What they’ve learned, I’m afraid, is that to be belligerent results in getting your way, just to save time and tedious discussion. It takes a minute to change a C- minus to a C+, but it takes an hour or more to stick your guns. Most of my colleagues rarely give out C-s in the first place, and give in when a C- student disputes the grade, thus encouraging other students to think, “Hey, what the hell, I can do more for my GPA by devoting a single day to arguing with each of my professors than I could have done in a whole semester of hard work.” And from that limited perspective, they’re absolutely right, it is much more time efficient.

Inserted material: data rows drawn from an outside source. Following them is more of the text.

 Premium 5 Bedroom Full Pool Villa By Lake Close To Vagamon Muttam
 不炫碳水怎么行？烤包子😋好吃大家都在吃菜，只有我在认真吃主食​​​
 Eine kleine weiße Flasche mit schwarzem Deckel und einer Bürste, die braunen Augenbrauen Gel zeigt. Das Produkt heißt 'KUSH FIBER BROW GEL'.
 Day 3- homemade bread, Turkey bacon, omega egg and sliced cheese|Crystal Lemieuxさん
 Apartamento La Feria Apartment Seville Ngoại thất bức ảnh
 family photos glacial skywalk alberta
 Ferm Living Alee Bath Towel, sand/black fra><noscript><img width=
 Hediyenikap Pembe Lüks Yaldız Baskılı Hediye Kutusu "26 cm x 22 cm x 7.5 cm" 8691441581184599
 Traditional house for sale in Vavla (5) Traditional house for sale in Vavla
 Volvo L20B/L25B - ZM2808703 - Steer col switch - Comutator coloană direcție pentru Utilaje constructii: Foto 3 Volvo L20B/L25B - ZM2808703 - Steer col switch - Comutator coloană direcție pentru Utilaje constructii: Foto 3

The real problem is that negotiating rewards the most argumentative students, not necessarily the same as the most deserving.

In my Masters program there are no grades, it’s all pass/fail, which I absolutely love.

In high school my grades were inflated and didn’t reflect the work I did. It’s because my school/program were ‘harder’ than others so someone decided to add some percentage points to everyone’s final average to make up for it. (All unspoken, of course, but I know for a fact I didn’t do the work to merit the grades I got.)

In undergrad my marks also didn’t reflect the work I did, at all. Some classes were clearly graded on a curve. One exam seemed to be intentionally designed to take longer than the time allotted - I was writing steadily for the whole three hours, answering questions pretty briefly, and still I ran out of time.

In some classes I got the exact same mark on each exam I wrote: one of which I studied like mad for, one I casually reviewed for, and one I was stoned out of my head on cough syrup.

I’m comfortable believing something dodgy was going on because in order to see your exam after it was marked you had to pay cold cash, and in order to get it remarked you would have had to pay more cold cash. Their intention may have been to avoid situations like the one above, where profs waste so much time arguing with students who want that one extra mark, but I think there’s much more to it than that. They could have been concocting our grades out of whole cloth (I suspect they were in the case of my three exams with the exact same result), and so few students would call them on it that they could reasonably deny anything fishy.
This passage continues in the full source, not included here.